Vivere le reti tra tempo reale e tempo digitale
Il nostro viaggio nelle reti continua, anche nel tempo pandemico. Siamo di fronte ad una mutazione epocale in cui viviamo un tempo a due velocità. Da una parte, viviamo il presente che, per quanto veloce, comunque scorre accanto a noi ed insieme a noi, con processi e flussi che forse non possiamo governare del tutto ma che, per buona parte, possiamo quantomeno capire. Dall’altra, molti di noi vivono i loro flussi di Rete (sul lavoro, sui mercati, sui social network, eccetera) come una dimensione parallela che viaggia ad una velocità indescrivibile, e di cui è difficilissimo afferrare qualcosa se non, per i più attenti, piccole tracce di futuro sparse qua e là. Briciole di consapevolezza e poco più.
Ci dobbiamo stupire? In realtà, questa fase, nella sua struttura a due velocità, non è una novità nella Storia. Anche le persone che vissero nell’Umanesimo e nel Rinascimento avevano scarso sentore dei cambiamenti titanici che si stavano verificando attorno a loro. E anche loro venivano dal periodo della grande peste che sconvolse con ondate successive l’Europa tra il 1320 e il 1500. Oggi stiamo cercando di attraversare un abisso analogo.

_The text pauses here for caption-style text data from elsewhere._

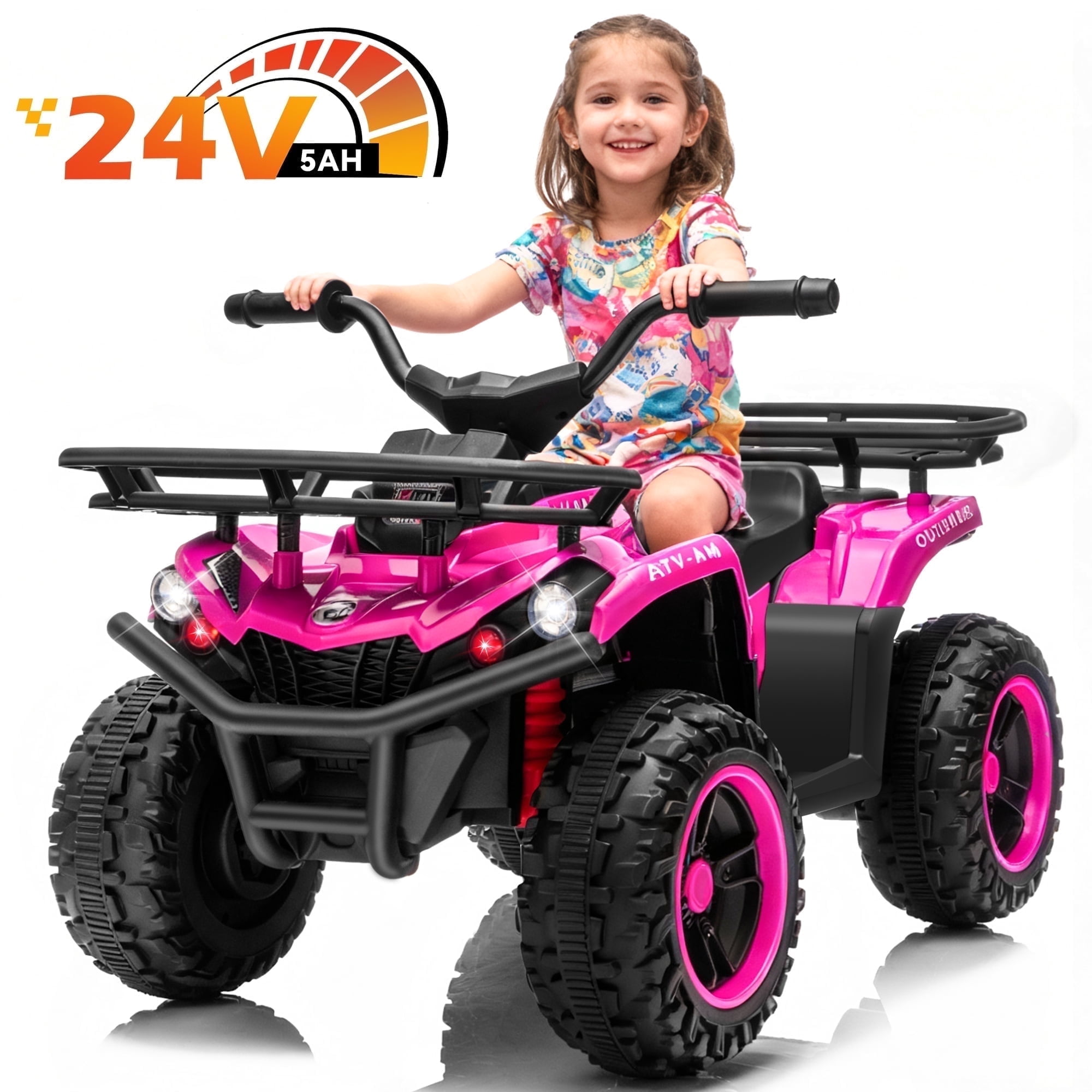 FestiveGlow 24V Kids ATV,Electric ATV for Kids 4 Wheelers Quad Car Toy, Ride On Toy Car As Gift for Kids,Pink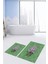 Dijital Baskılı Yıkanabilir Modern Çiçekli Ikili Banyo Halısı Paspas, Klozet-29-Yeşil, 1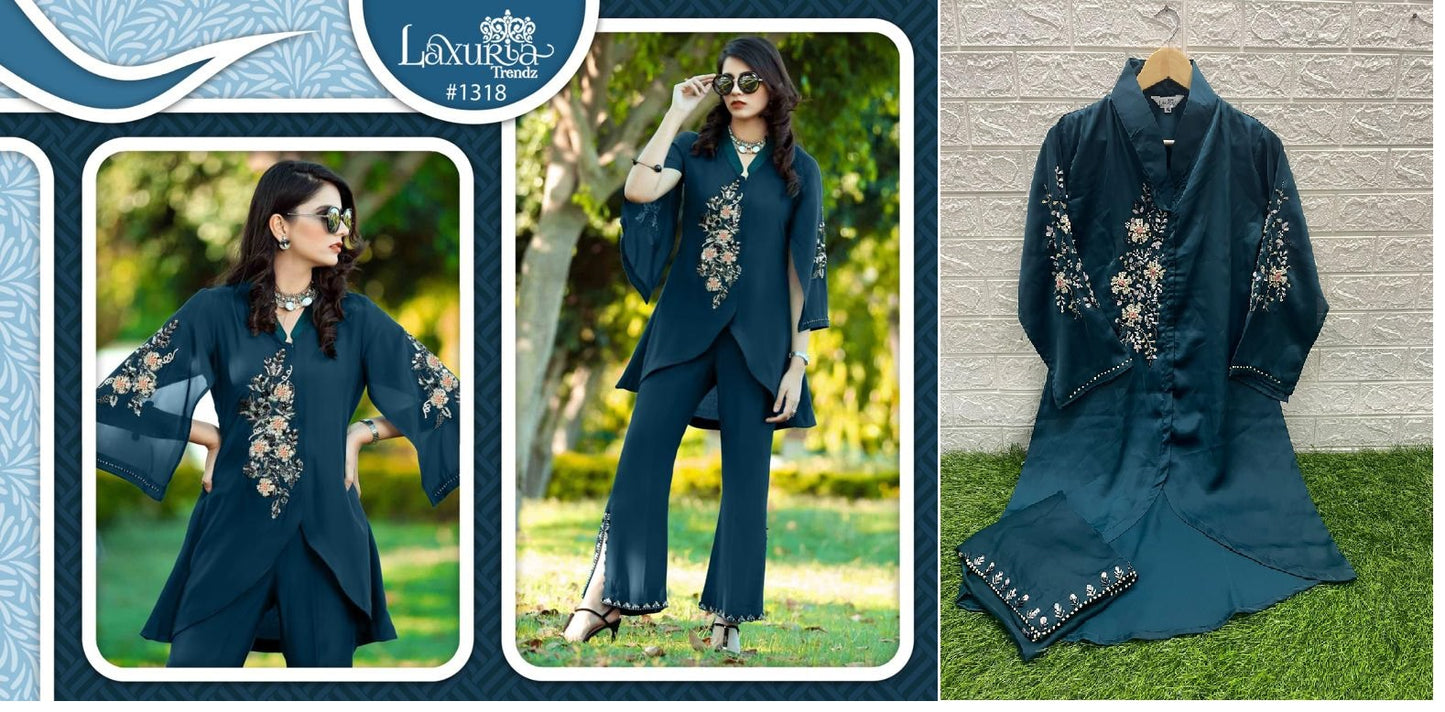 1318 Laxuria Trendz Bsy Satin Co Ord Set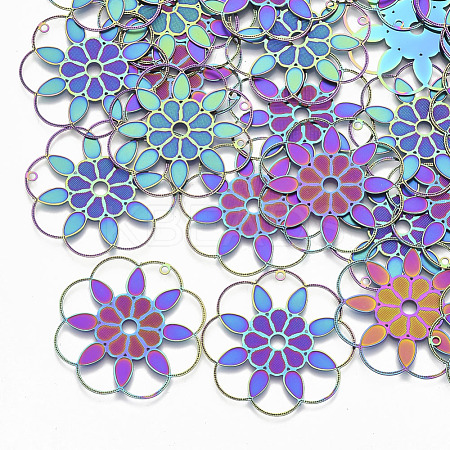 Ion Plating(IP) 304 Stainless Steel Filigree Pendants STAS-S108-83-1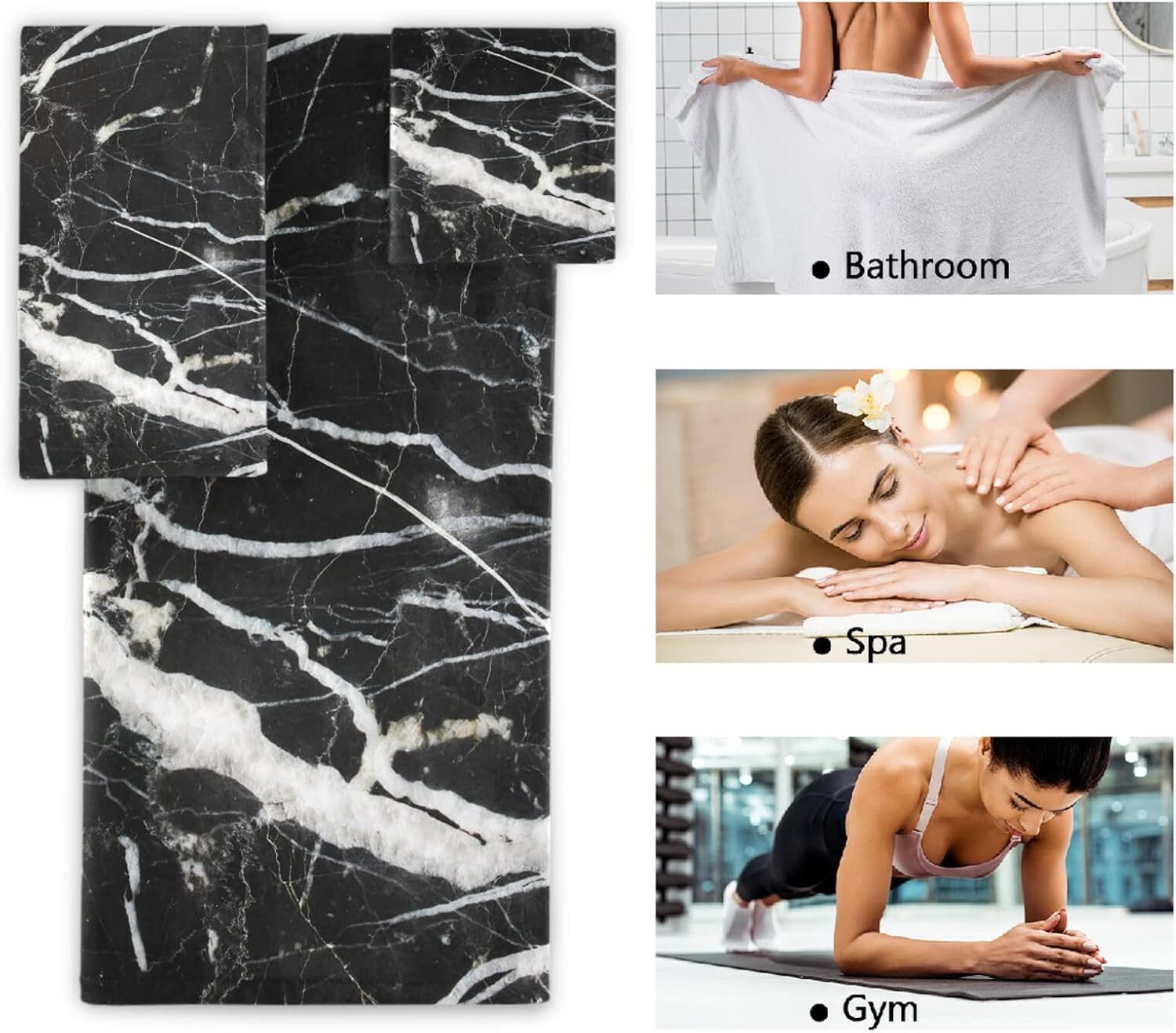 Naanle Black and White Marble Towel 3 Piece Set Bath Towels Set for Bathroom Highly Absorbent Cotton, 1 Large Bath Towel+ 1 Hand Towel+ 1 Washcloth, Pack of 3 Softness Towels for Decoration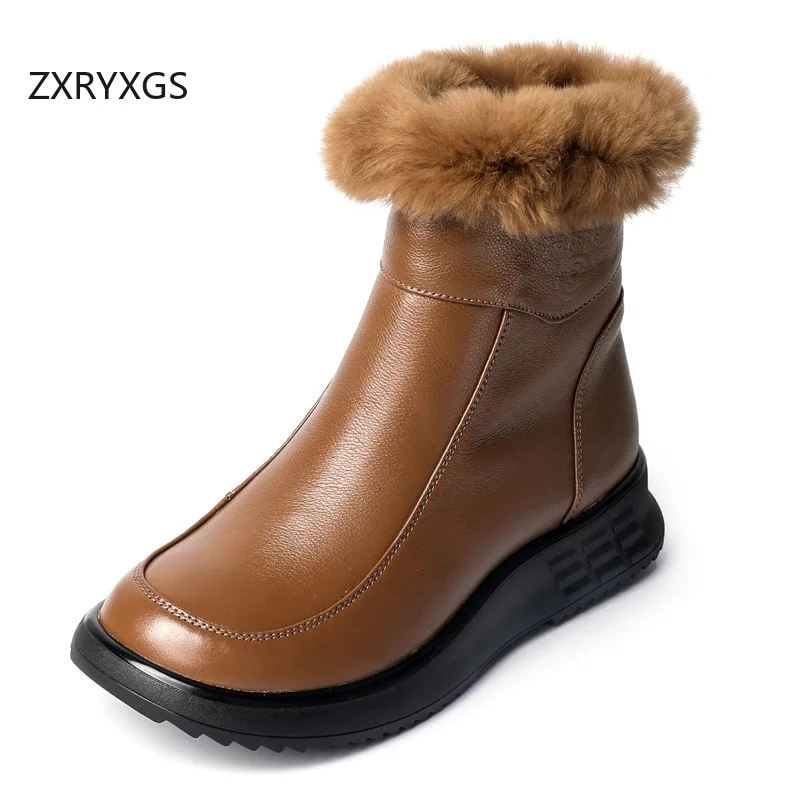 

ZXRYXGS High-end Rex Rabbit Fur Women Fashion Boots Warm Premium Cow Leather Shoes Snow Boots Wedges Big Size Trendy Boots 2025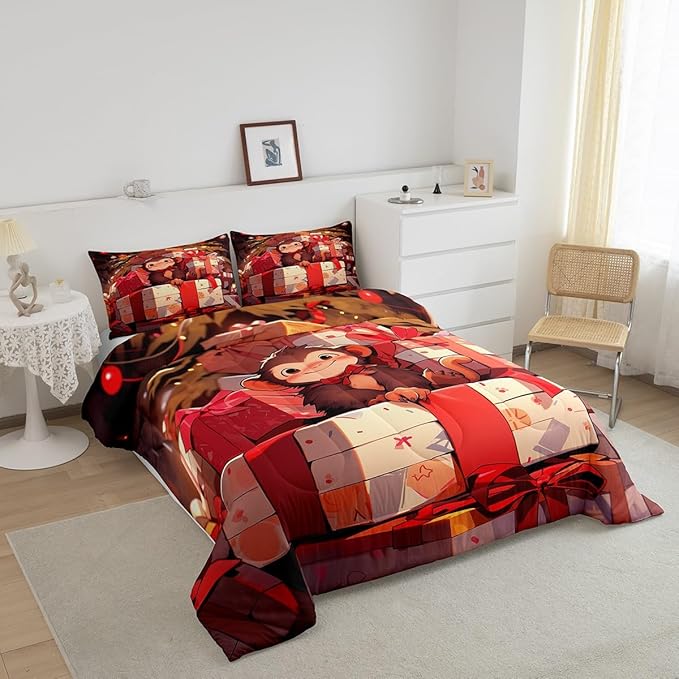 Cartoon Cute Monkey Bedding Set Twin Size,Merry Christmas Comforter Set for Kids Boys Girls Room Decor,Xmas Theme Red Luxury Duvet Insert 2Pcs,Animals Microfiber Modern Soft Quilt Set,1 Pillowcase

Per l’ennesima volta nella Storia, i poteri e gli equilibri sono messi in discussione, mano a mano che un maggior numero di persone provenienti da un molte zone del mondo entrano in contatto, collaborano e competono sul palcoscenico globale. Le rivoluzioni vere, quelle silenziose, quelle non cruente, vanno sempre in questo modo. Il vecchio viene marginalizzato più velocemente di quanto non ci impieghi il nuovo a rimpiazzarlo. Gli antichi patti sociali, una volta smantellati, non possono essere riparati né sostituiti in tempi rapidi, perché hanno bisogno di un tempo sufficiente per il loro progressivo consolidamento.
Come cambieranno le cose intorno a noi?
Detto questo, la domanda successiva è: ok, ma qual è il problema? Il futuro non è una cosa che si prevede, è una cosa che si consegue. E oggi, anche se attraverso nebbie e tumulti, i contorni di nuove, inedite forme di organizzazione e rappresentanza stanno iniziando a profilarsi. Grazie alla Rete, al nuovo medium globale della competizione collaborativa e a livelli di connettività sociale mai raggiunti prima, tutti noi abbiamo a disposizione una serie di strumenti per reinventare processi, Istituzioni, convenzioni sociali.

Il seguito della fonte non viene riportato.